EXERCISE GOAL:
Whenever a picture appears, omit it, and set down everything else in the records exactly.

DATA:
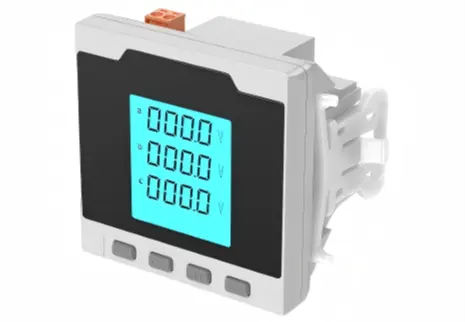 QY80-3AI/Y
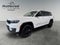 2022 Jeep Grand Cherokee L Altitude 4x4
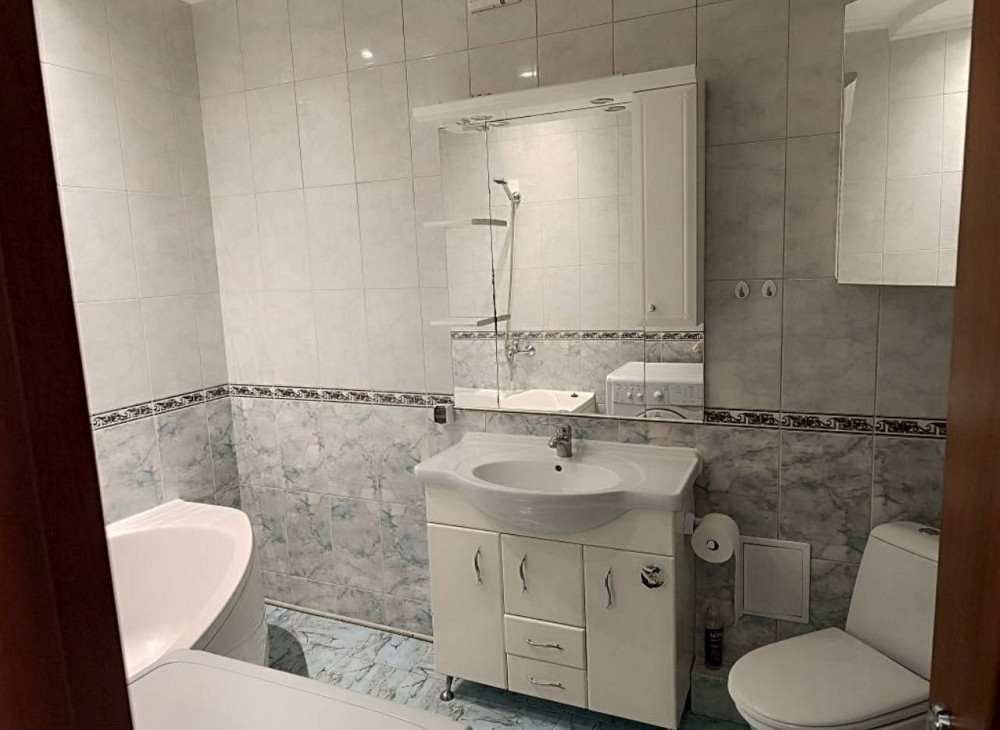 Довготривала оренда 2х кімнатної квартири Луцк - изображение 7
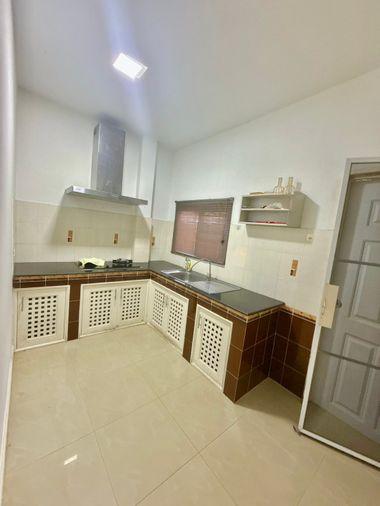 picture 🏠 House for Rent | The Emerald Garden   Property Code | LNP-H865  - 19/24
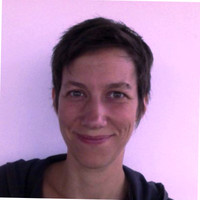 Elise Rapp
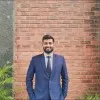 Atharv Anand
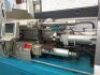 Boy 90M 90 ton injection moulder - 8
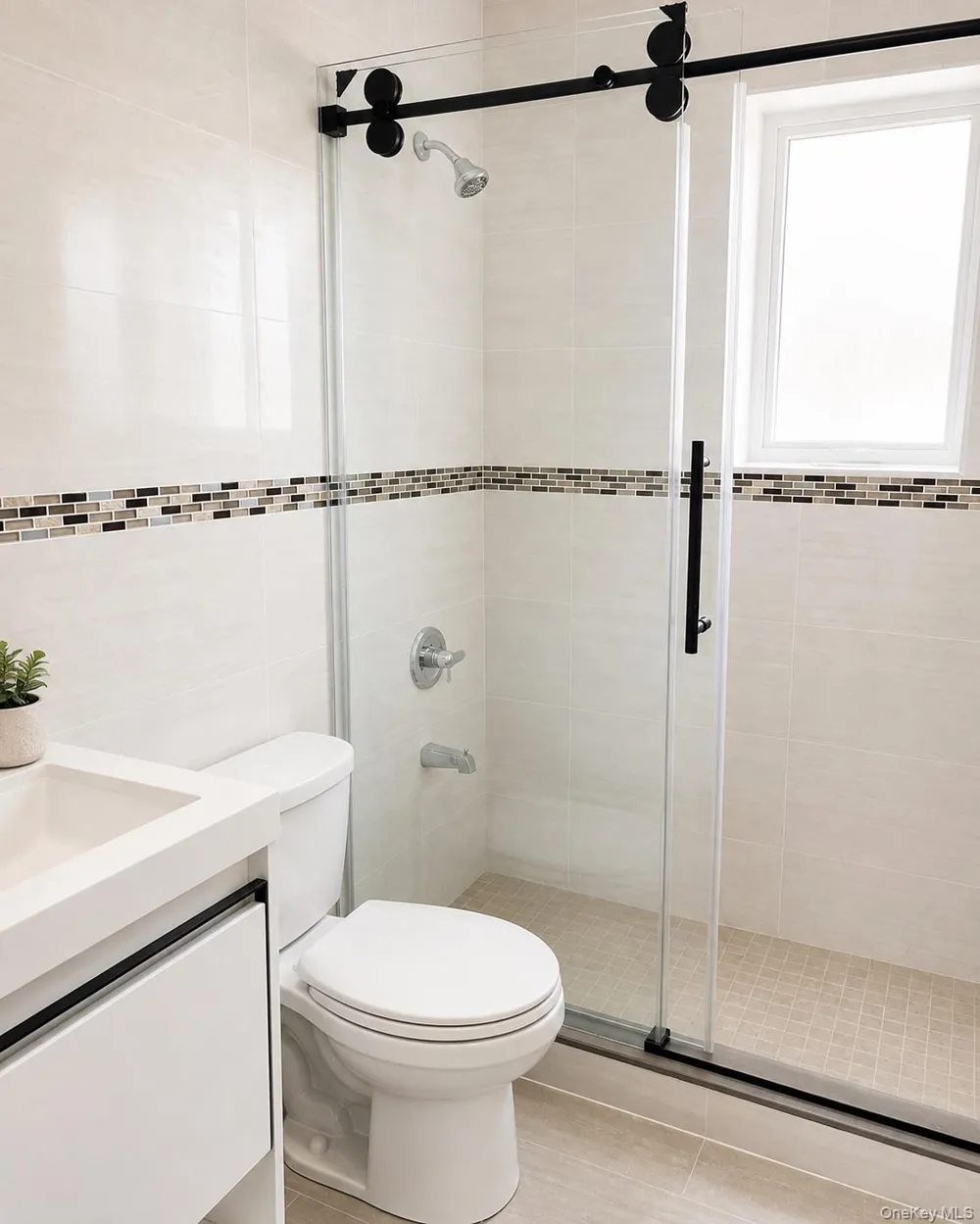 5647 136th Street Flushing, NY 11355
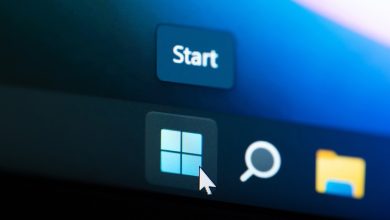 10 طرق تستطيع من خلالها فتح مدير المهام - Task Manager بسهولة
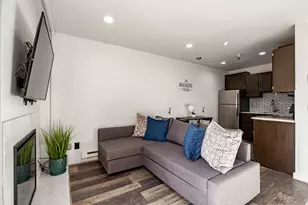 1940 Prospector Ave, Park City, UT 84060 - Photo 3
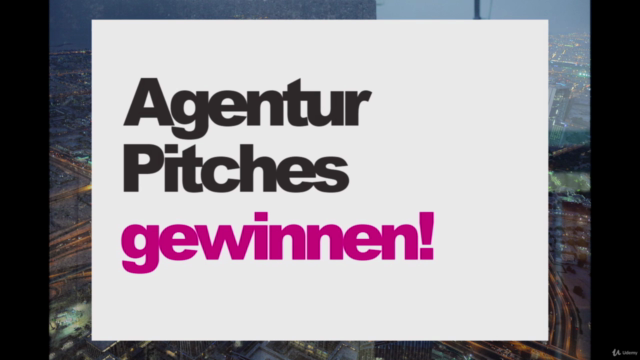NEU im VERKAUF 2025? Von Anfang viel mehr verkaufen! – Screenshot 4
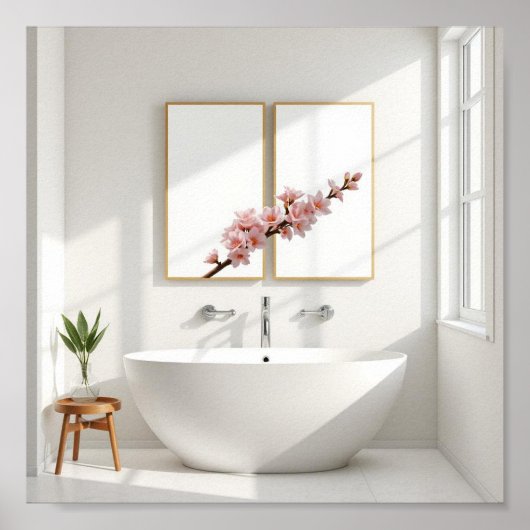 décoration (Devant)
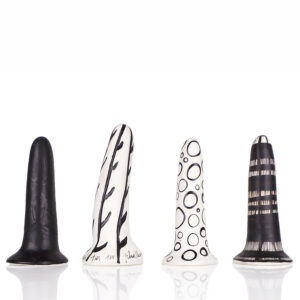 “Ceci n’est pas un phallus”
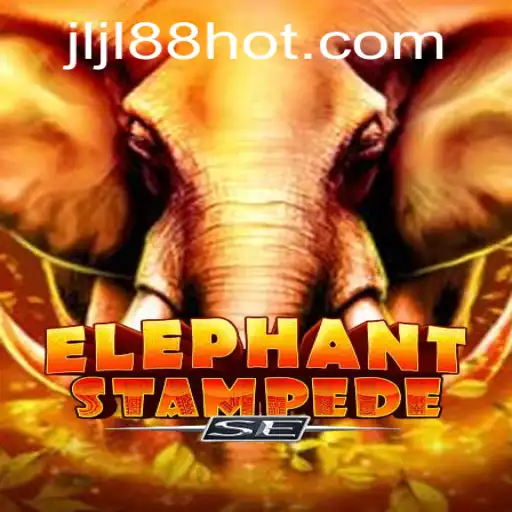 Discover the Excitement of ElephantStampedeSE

OUTPUT:
 QY80-3AI/Y
 2022 Jeep Grand Cherokee L Altitude 4x4
 Довготривала оренда 2х кімнатної квартири Луцк - изображение 7
 picture 🏠 House for Rent | The Emerald Garden   Property Code | LNP-H865  - 19/24
 Elise Rapp
 Atharv Anand
 Boy 90M 90 ton injection moulder - 8
 5647 136th Street Flushing, NY 11355
 10 طرق تستطيع من خلالها فتح مدير المهام - Task Manager بسهولة
 1940 Prospector Ave, Park City, UT 84060 - Photo 3
NEU im VERKAUF 2025? Von Anfang viel mehr verkaufen! – Screenshot 4
 décoration (Devant)
 “Ceci n’est pas un phallus”
 Discover the Excitement of ElephantStampedeSE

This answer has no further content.